Comment les États-Unis, les pays européens et le Japon trouveraient des débouchés s'ils ne monétisaient strictement que ce qu'ils importaient et exportaient entre eux, et dont les monnaies étaient basées sur l'étalon-or. D'autant plus que les stocks d'or (y compris la production d'or dans le monde) étaient limités. Comment l'Europe se serait reconstruite si les Américains n'avaient pas avancé des fonds à l'Europe dans le cadre du plan Marshall pour permettre d'ouvrir des débouchés à l'économie américaine. Et toutes deux, Europe et Amérique, ont gagné dans cette financiarisation par la partie la plus riche, l'une par la consommation et sa reconstruction, l'autre par le maintien de son industrie productrice en activité. Donc un intérêt mutuel.

3. LA NECESSITE DU PETROLE, UN «CATALYSEUR ANTI-CRISE»

Les crises monétaires entre les États-Unis et l'Europe de l'Ouest ont constitué une grande crise occidentale. Et étrangement, c'est l'ancien monde colonisé qui va départager l'Occident. Voire même sauver la mise à l'économie-monde. Précisément, c'est le maillon faible du monde, qui a rayonné un temps sur l'humanité mais a longtemps décliné qu'il s'est retrouvé colonisé ou mis sous protectorat par l'Occident.

La roue a tourné, le monde évolue en boucle. Hier l'Islam, et très récemment l'Occident chrétien qui a eu beaucoup de sa chrétienté, aujourd'hui de nouveau l'Islam occupe le devant de la scène mondiale. Demain qu'en serait-il ? Il n'empêche que c'est dans le monde de l'Islam que le sort du monde va se jouer. Dès les années 1973 à 1979, deux krachs pétroliers éclateront et remettront en cause l'ordre occidental. Désormais une nouvelle monnaie parallèle greffée sur le dollar va naître et s'appellera le «pétro-dollar».

Cette monnaie est une jonction de deux grandes entités de l'humanité, le monde occidental et le monde de l'Islam. Une jonction qui entre dans les lois naturelles de l'évolution de l'humanité où pratiquement toutes les parties de l'humanité y trouveront leurs comptes.

D'abord les États-Unis, qui continueront d'être la locomotive principale du monde, et pourront continuer à répercuter leurs déficits sur le reste du monde sans l'entrave de l'étalon-or auquel ils étaient assujettis depuis 1945. Ensuite les pays du reste du monde via l'augmentation des prix du pétrole qui s'est étendue aux autres matières premières et agricoles. Ce qui en réalité n'est qu'un réajustement des prix dont les pays du tiers monde ont été pendant longtemps spoliés de la vraie valeur de leurs produits (pétrole et matières premières) exportés.

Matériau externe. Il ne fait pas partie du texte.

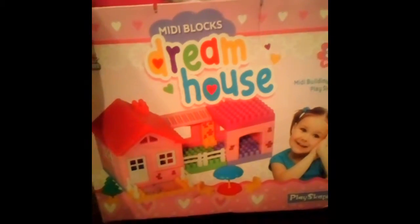Midi Blocks Dream House — a little children's play set, like a 'My First Lego' kind of style. Part of it's got a bit of damage, but looks absolutely brand spanking new inside. Not sure why they've thrown that out — well, Smith's caused that damage — but so be it.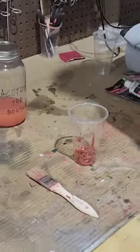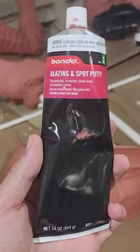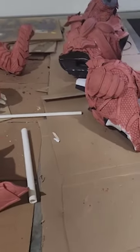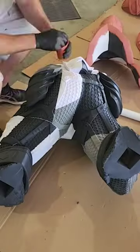We're still using Bondo glazing and spot putty mixed with a little bit of acetone to fill in the 3D printer lines on this life-sized Arbiter statue. In the first session we went through around 10 of the smaller tubes, but since then I've wised up and got some of these larger 16-ounce tubes, which has made things easier. We finished off the lower body and both legs and used about two and a half of these large tubes, bringing the material cost of Bondo alone to around a hundred dollars so far.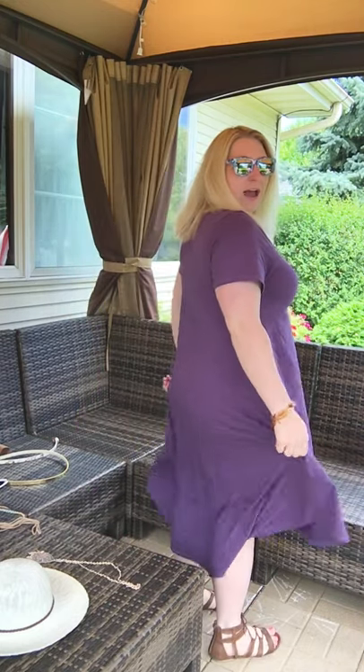Hi everybody, this is Liz from LuLaRoe Liz Bobas, and I'm here to show you a little bit on how I like to style the Carly dress. The Carly dress is a new dress from LuLaRoe — it just came out at convention of 2016. It's almost like an extra long perfect tee with an Irma style base, so it has the same type of top except with a cute little fitted pocket, and it's longer in the back by quite a bit. It's also a dress you'll normally size down in.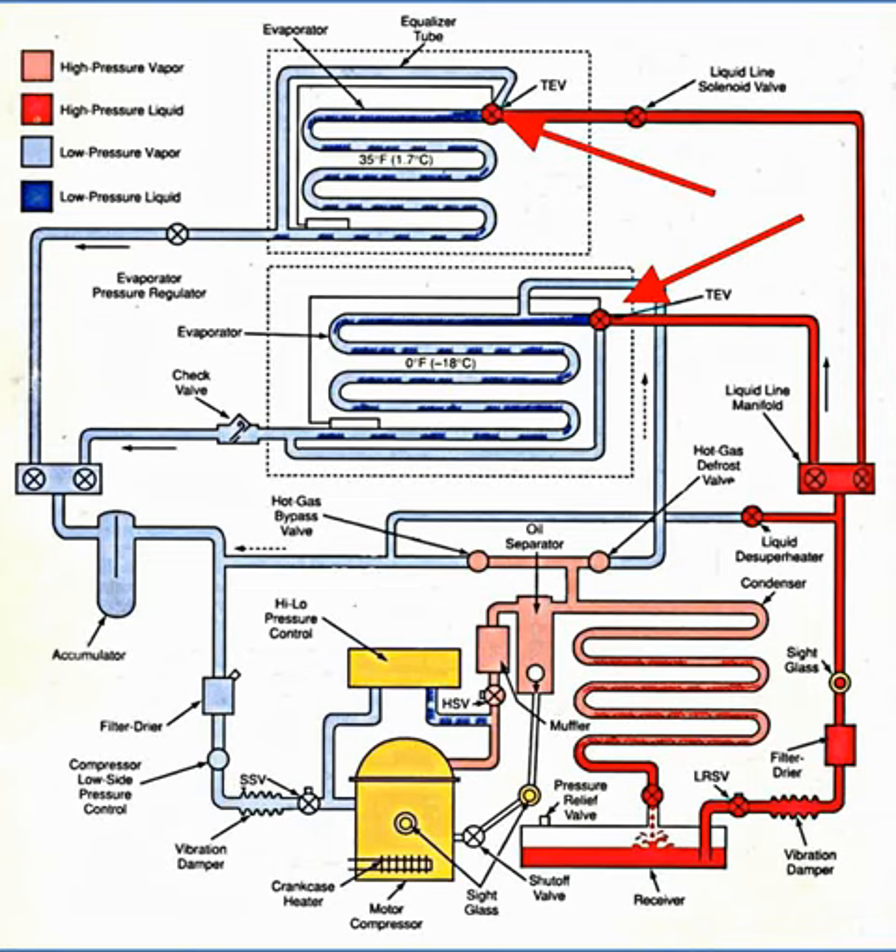The thermostatic expansion valve, abbreviated TXV or TEV, is the brain of the system. It controls refrigerant flow based on temperature. It decides how much liquid is required. It converts high pressure liquid to low pressure liquid.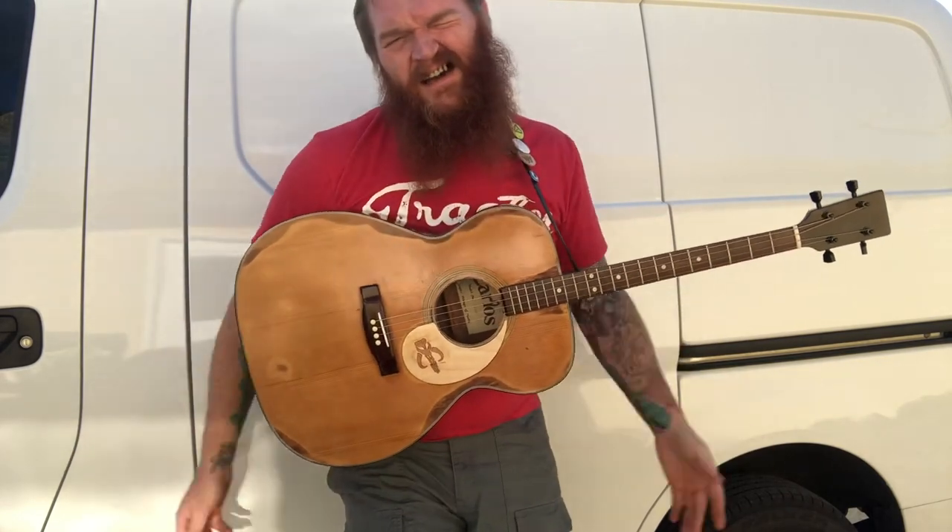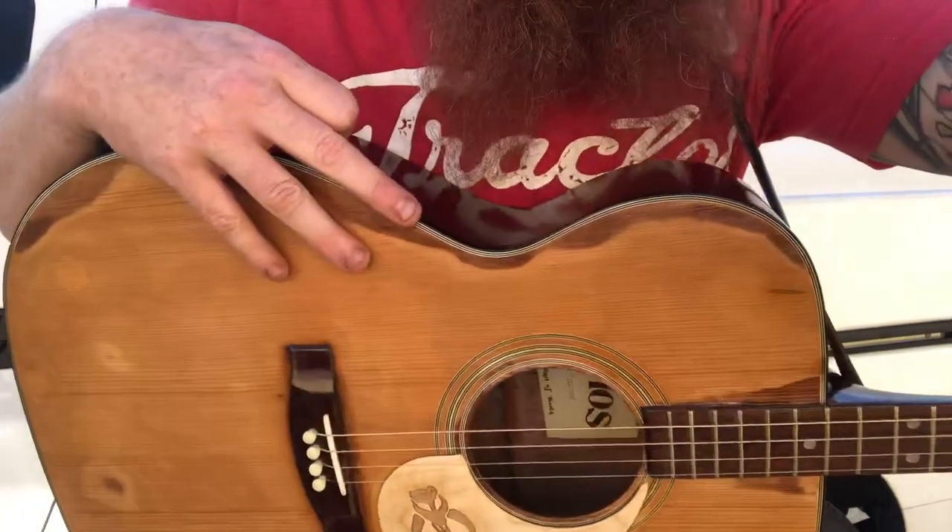There it goes. Coming soon to a Milestone show near you. Thanks.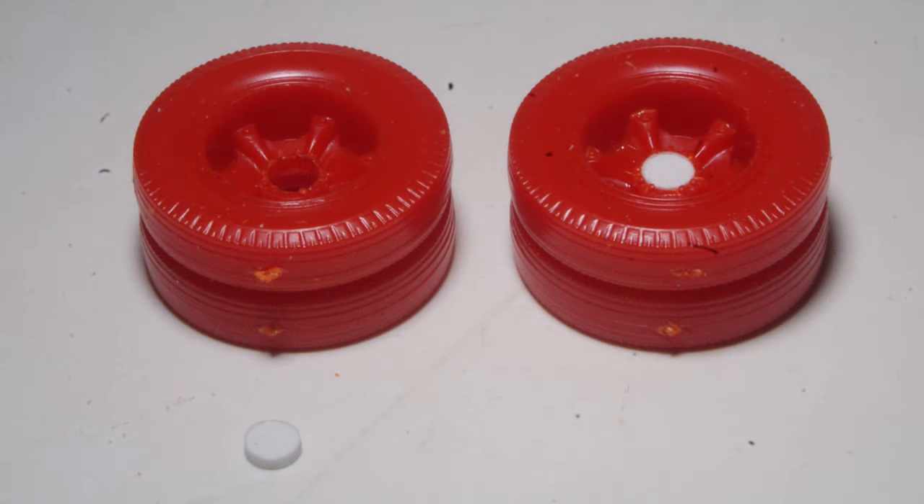One rather toy-like feature of these kits which I don't care for is the wheels, which are designed to snap onto the axles, presumably so they roll. The axles have been cut shorter and the holes in the wheels plugged with styrene discs.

On voit l'intérêt des crises comme des guerres qui viennent dévoiler l'ordre inique dans la distribution des richesses du monde. Un ordre appelé plus juste dont l'apport essentiel est de concourir à lever les freins et obstacles à la croissance économique mondiale. Et c'est là l'étrangeté que l'on constate dans les forces naturelles qui ont amené la crise et d'autres forces naturelles latentes venues en aval pour résoudre la crise.

Il y a sans cesse une « boucle de forces naturelles contradictoires qui, lorsque deux acteurs s'annihilent, un autre facteur vient en aval et, en les départageant, concourt à créer un nouvel équilibre ».

Les pays arabes comme l'Arabie saoudite, le Qatar, et les autres pays du Golfe, savaient-ils qu'ils allaient, via la «hausse exorbitante du pétrole», jouer un rôle considérable dans les affaires mondiales. Un petit pays, le Qatar d'environ 11 000 km2 et de 400 000 de nationaux, le reste, deux millions d'expatriés, aura à jouer un rôle important dans les relations internationales. Comme le témoignent aujourd'hui les événements en Syrie, en Libye, en Palestine, en Irak? Et tout cela a été permis par les forces naturelles qui amènent les crises, et toutes concourent à avancer l'humanité. La Deuxième Guerre mondiale a détruit un ordre colonial, les conflits armés et les crises qui se jouent aujourd'hui peuvent concourir à détruire un ordre impérial. Si nous ne le savons pas encore, les forces naturelles latentes le laissent entrevoir.

Toujours est-il, constate-t-on, que l'irruption des pays du reste du monde aura un effet salvateur sur l'économie mondiale. Devenant lui aussi une locomotive, à l'instar de la puissance américaine, il va fortement influer sur l'« offre mondiale par sa capacité d'absorption ».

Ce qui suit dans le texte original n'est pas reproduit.